A HUNTER TALKS ABOUT ECOSYSTEM-BASED MANAGEMENT

by Roger Holmes Director, DNR Division of Fish and Wildlife

What does ecosystem-based management mean to a Minnesota hunter? As a dedicated hunter myself, I have asked that very same question. And the answer is this: Ecosystem-based management is the smartest and most cost-effective way to manage our wildlife.

Why am I so keen on ecosystem-based management? One, because it makes sense, and two, because I know for a fact that it works.

The basic idea of ecosystem-based management is that you manage ecosystems rather than specific species or disciplines. In other words, you don't manage pheasants as much as you manage the ecosystem the pheasants live in. If the ecosystem is improved, it will produce more pheasants naturally.

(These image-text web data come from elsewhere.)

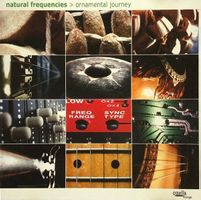 Natural Frequencies ORNAMENTAL JOURNEY Ambient Jazz Rock CD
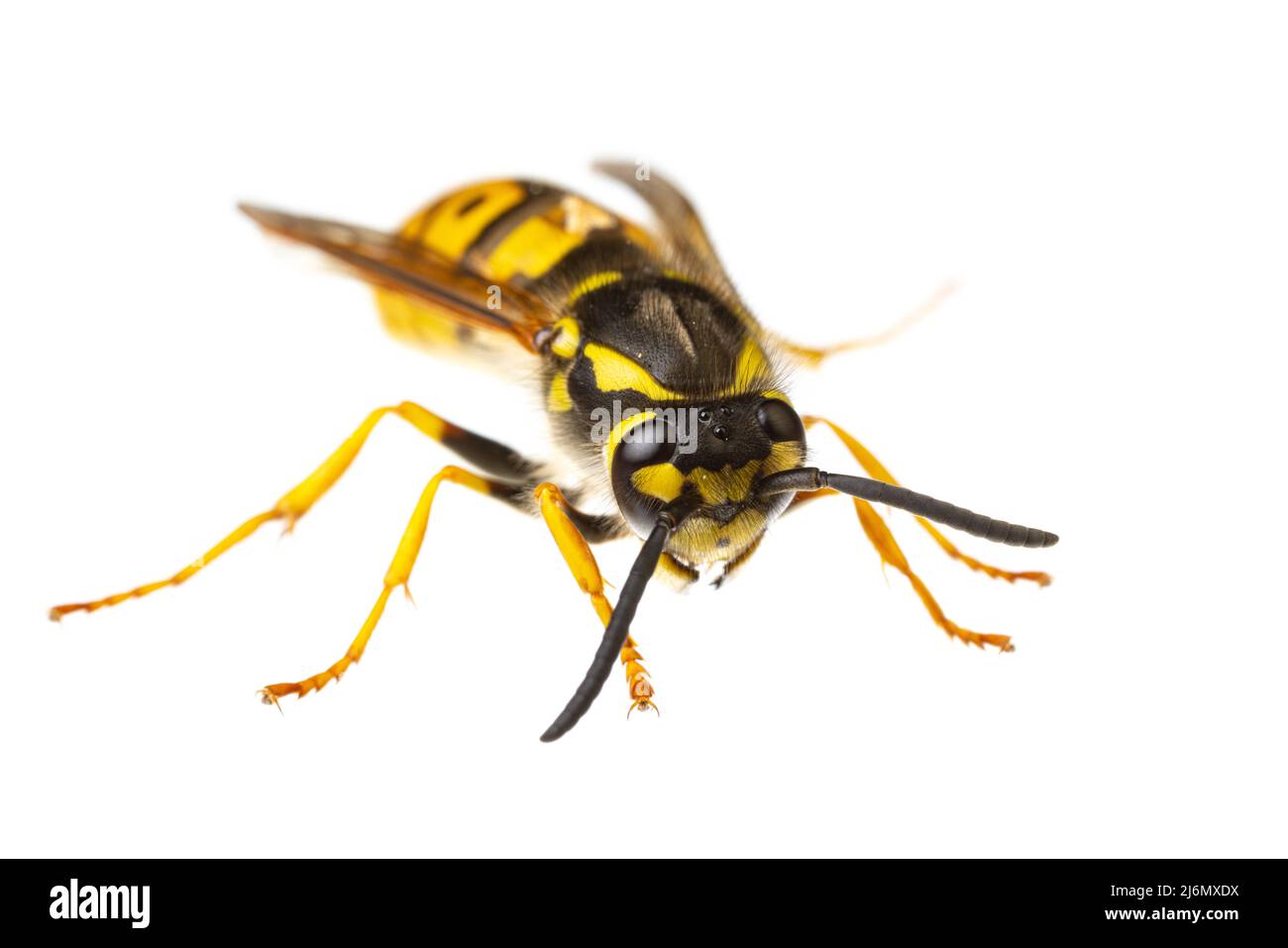 insects of europe - wasps: macro of Vespula germanica  german wasp european wasp  isolated on white background  diagonal view Stock Photo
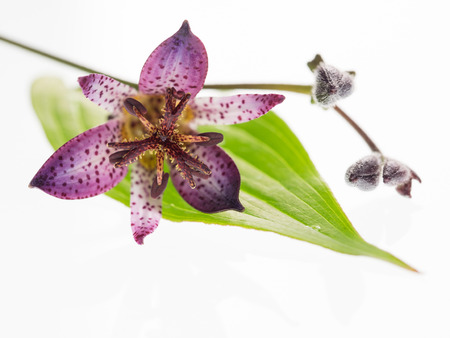 Beautiful purplish red Toad lily on white backgroundの写真素材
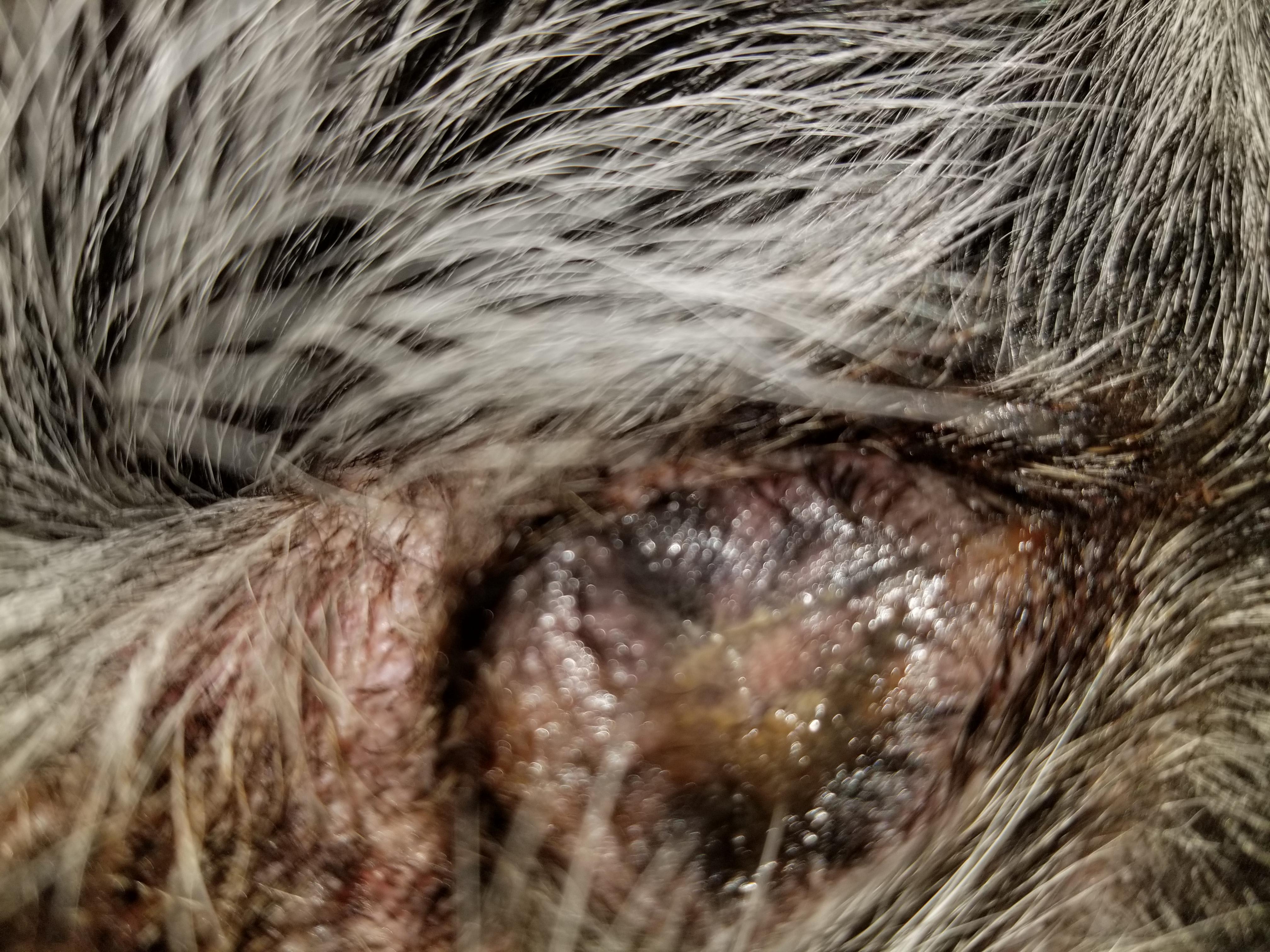 Question details sensitive content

Such thinking is familiar to those who've been watching Minnesota's fish and wildlife habitat-based management over the past 20 years. Ecosystems are nothing more than habitats on a large scale. For example, waterfowl managers and hunters have for years known that they couldn't stem the decline in duck numbers without first protecting the wetland ecosystem, which includes uplands and watersheds. They learned you can't sustain duck populations without first sustaining the wetland ecosystem.

The overriding theme of ecosystem management is sustainability. That means preserving the entire ecosystems over the long haul to provide more recreation, a healthier environment, and stronger economies.

Recent reports of record duck numbers throughout much of their continent-wide breeding range is proof that to manage wildlife, you need to manage their ecosystems. Wet weather, combined with abundant nesting cover provided by the federal Conservation Reserve Program, have shown that wetland and grassland ecosystems are what make or break duck populations. The same is true for all other species, game and nongame.

Ecosystem-based management will ring true to those familiar with the teachings of Aldo Leopold. An environmentalist and hunter and the father of modern wildlife management, Leopold was touting ecosystem-based management 50 years ago. He called it land stewardship, but the principle was the same: The natural world is interconnected and you can't fix one part without looking at the entire system.

The DNR, U.S. Fish and Wildlife Service, and other conservation agencies and groups have already begun putting the theory into practice. The North American Waterfowl Management Plan (NAWMP) is based on ecosystem-based management. So is shoreline zoning the list goes on, from Heron Lake and the lake trout restoration on Lake Superior to the bluebird recovery program and the comeback of the bald eagle.

Ecosystem-based management says that you can't just look at a single animal or even a species in isolation from all that is around it. Human activities, technological advanced, exotic introductions--even the price of corn--all affect fish, wildlife, and native plants. Which is why the best way to boost pheasant numbers, for example, is not to raise and stock birds but to influence the forces that dominate the pheasant's eco-region. Just ask the folks at Pheasants Forever, who've been a driving force to maintain CRP, which has restored nearly 2 million acres of grasslands in Minnesota alone.

Success stories like CRP and the NAWMP are just a start. As the DNR further embraces ecosystem-based management, you'll see us planning ahead more, and coordinating our activities better. You'll also see more local control and decision-making about how resources are managed. Look for the DNR to work more closely with hunters, farmers, communities, local governments, individual citizens--and our colleagues within this agency-- to ensure we're moving in the same direction. And that common goal is to conserve all the state's natural resources, while providing for sustainable recreational and economic use now and far into the future.

Ecosystem-based management is simply a common-sense approach to managing our basic natural resources--soil, air, and water--to provide decent habitat for animals, plants, and people. It's a way of building on our best traditions of resource management to do what you've asked us to do more effectively.